Numerosos guerreiros, para serem mais garantidamente admitidos na bem-aventurada morada, tomam a precaução de vestir, antes de morrer, hábitos de monge, com os quais serão enterrados.

Vendo-os aparecer em tais vestes, São Pedro não ousará fechar-lhes as portas. Esse uso praticado pela Cavalaria, de se enterrar com hábito de monge, continuou até o fim do século XIV.

Em algumas abadias havia monges especialmente designados para vestir os cavaleiros que exprimissem tal desejo.

Se o cavaleiro morresse em uma batalha, depositava-se sobre a tumba sua bandeira, seu estandarte e o pequeno estandarte de seu elmo. Se ele não tivesse morrido em batalha, era permitido colocar-se apenas duas destas insígnias.

Suvanes, em seu “Tratado sobre a Espada Francesa”, fala do costume de se levar a uma igreja as armas do cavaleiro morto, para serem conservadas no tesouro do templo.

A espada de Santa Joana d’Arc encontra-se na igreja de Santa Catarina de Fierbois. A Santa guerreira considerava um verdadeiro dom celeste a espada que recebera.

Os cruzados que tinham combatido na Terra Santa, ou mesmo aqueles que apenas haviam pronunciado o voto de fazê-lo, eram enterrados com as pernas cruzadas, atitude em que podemos contemplá-los sobre os túmulos, nos claustros dos mosteiros.

O cavaleiro ansiava pelo momento em que pudesse abandonar os torneios e seguir para além-mar, para a Terra Santa. Só assim poderia adquirir a reputação de “batalhador”.

São Luís IX, em sua imensa piedade, não se cansava de dizer que preferia o cognome de “batalhador” ao de “devoto”.

Preguiça e avareza aparecem aos olhos do cavaleiro como inimigos mortais. Por isso, não bastava conquistar um prêmio num torneio ou uma batalha vitoriosa. Ao voltar para casa, ele deveria mostrar-se benevolente para com todos, amável, polido, dar esmolas aos pobres, distribuir suas velhas túnicas aos menestréis.

À valentia, generosidade e cortesia devia juntar-se a modéstia.


Sentimentos religiosos dos cavaleiros


Ir à missa todas as manhãs, sem distinção entre Domingo e dias da semana, era obrigação à qual os cavaleiros se submetiam em consciência.

Durante a leitura do Evangelho, tiravam a espada da bainha e a sustentavam na mão até o fim da leitura, indicando com isto a sua vontade de defender em todas as circunstâncias a Igreja e a Fé.
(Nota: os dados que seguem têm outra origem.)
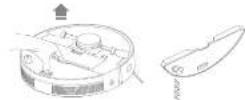 MOVA S10 - Mopping Module - 1
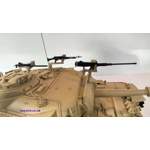 Haya 1/16 RC Tank Centurion IDF Alef 1973 Shot Kal Tank Model RTR -- Vally Of Tears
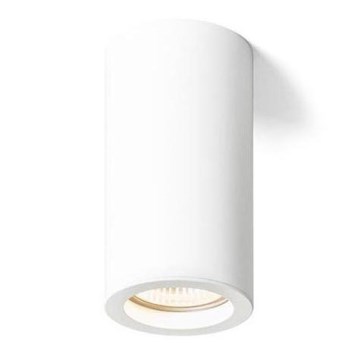 RED - Design Rendl - R12043 - Foco MOMA 1xGU10/35W/230V branco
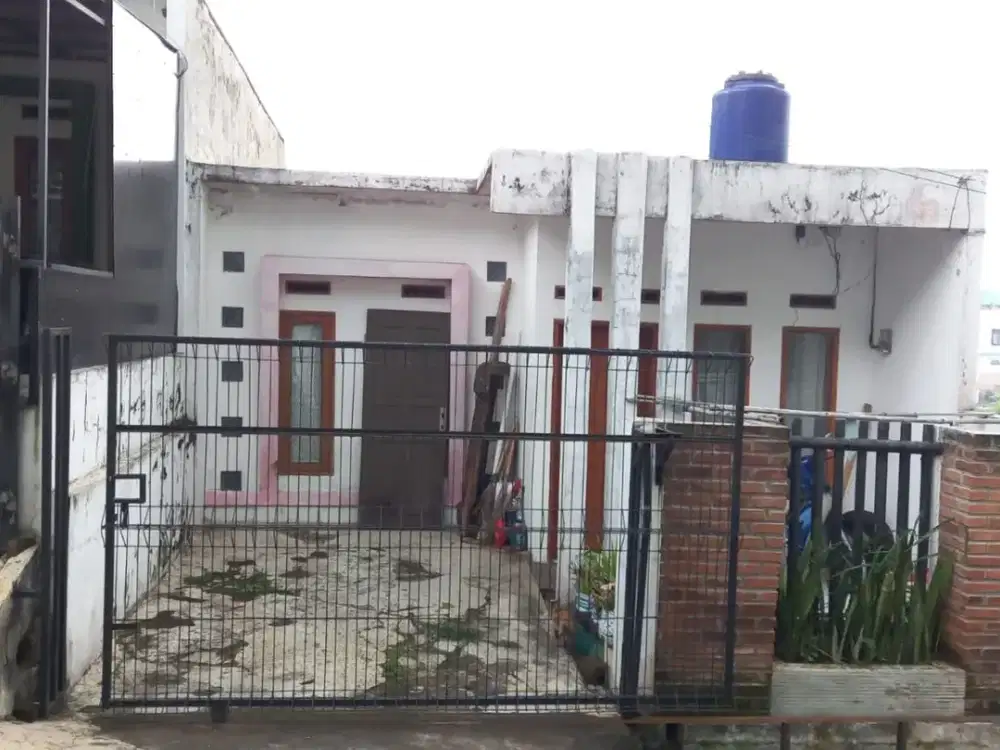 Dijual Cepat! Rumah Baru SHM di Pasir Melati Jati Handap
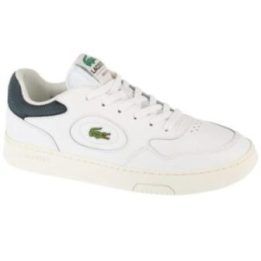 Vyriški suvarstomi sportbačiai Lacoste Lineset 223, balti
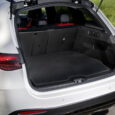 Capacità Bagagliaio nuova Mercedes GLC 2022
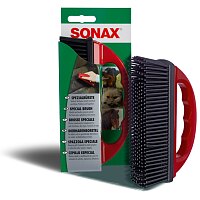 SONAX 04914000 SpezialBürste zur Entfernung von Tierhaaren 1 Stück SONAX 04914000 SpezialBürste zur Entfernung von Tierhaaren 1 Stück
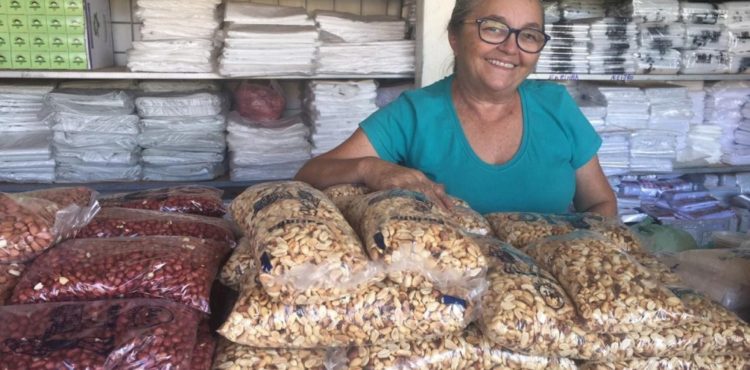 Mês do São João inicia e consumidor pode encontrar diversos produtos típicos no Mercado do Produtor de Juazeiro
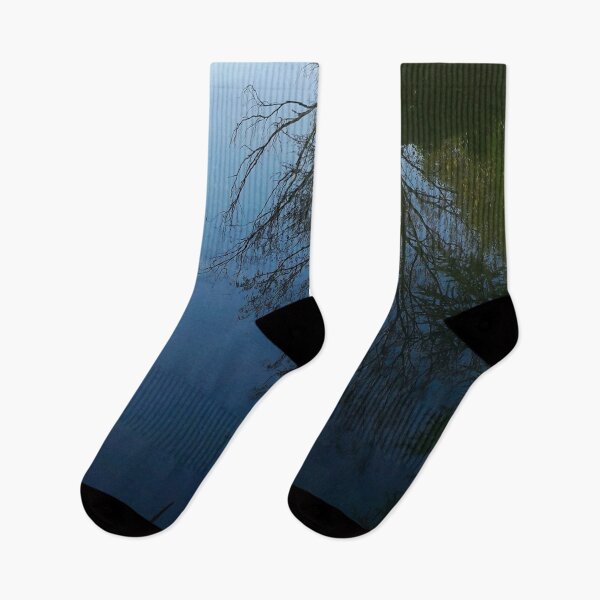 Item preview, Tree mirror in water designed and sold by Robert Elfferich.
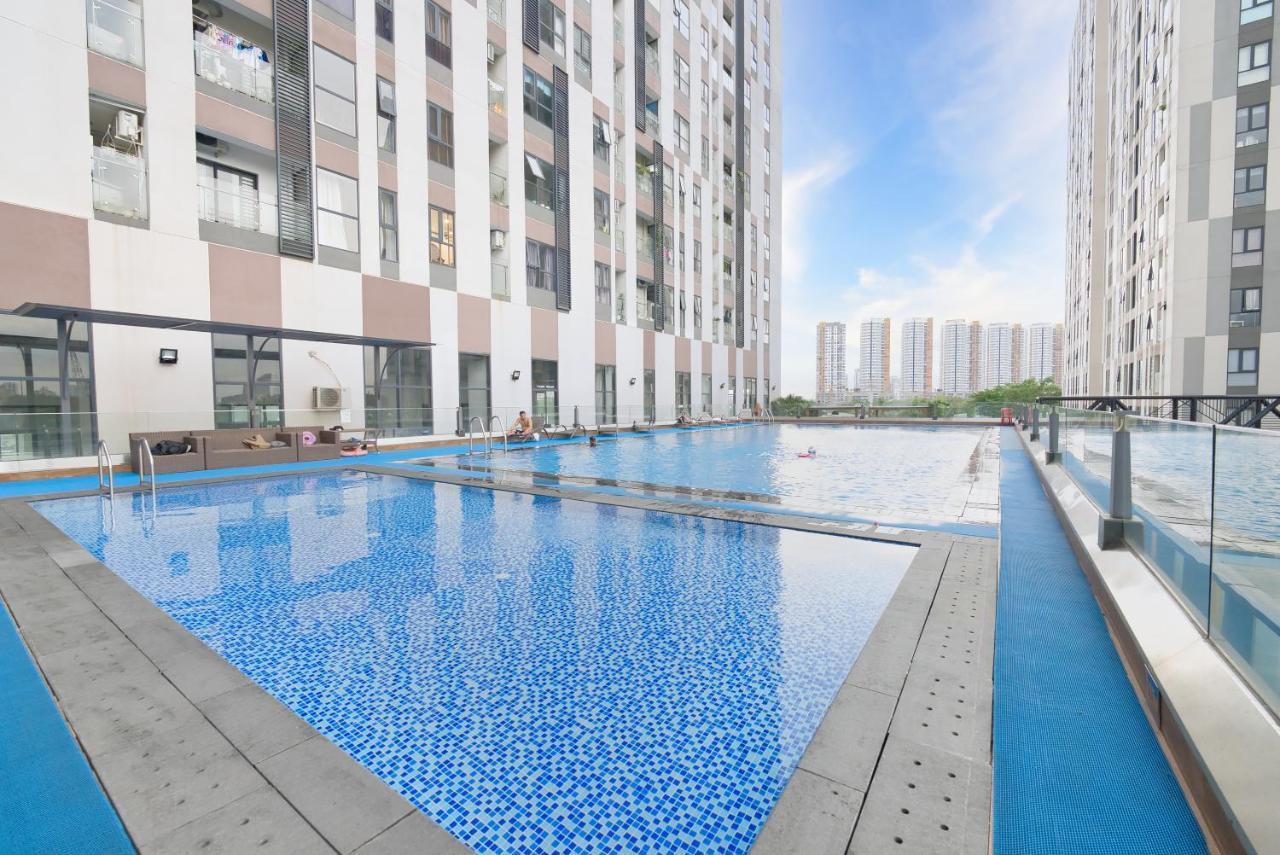 Cozy Private Bedroom In A Luxury 2Br Condo TP. Hồ Chí Minh Ngoại thất bức ảnh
A oração que parece ter sido a mais divulgada nos séculos XIII a XVI é a seguinte, que se encontra em grande número de livros de horas:

“Alcançai-me o dom desta Graça Divina, que será a protetora e a mestra dos meus cinco sentidos, que me fará cumprir as sete obras de misericórdia, crer nos doze artigos da Fé e praticar os dez mandamentos da Lei, e que enfim me livrará dos sete pecados capitais até o último dia da minha vida”.

Eram orações tradicionais, que nem todos os cavaleiros podiam estar repetindo, se não as decoravam.

Um dos mais renomados cavaleiros franceses era Étienne Vignolles, chamado La Hire, o ativo colaborador de Santa Joana d’Arc. Com o bravo Dunois, ele ia tentar fazer levantar o cerco de Montargis, assaltada pelos ingleses.

Aproxima-se do campo inimigo e suplica a um capelão, tendo em vista os perigos que vai enfrentar, que lhe seja dada a absolvição dos pecados que ele possa ter cometido.

O padre lhe pede que se confesse. Impossível, pela urgência, pois o ataque é iminente. A absolvição pedida é dada, sob a condição de La Hire dizer a Deus uma oração.

Ele junta devotadamente as mãos, e diz em gascão: “Deus, eu te suplico que faças hoje por La Hire o mesmo que Tu gostaríeis que La Hire fizesse por Ti, se ele fosse Deus e Tu fosses La Hire”. E ele estava certo de ter rezado muito bem a Deus.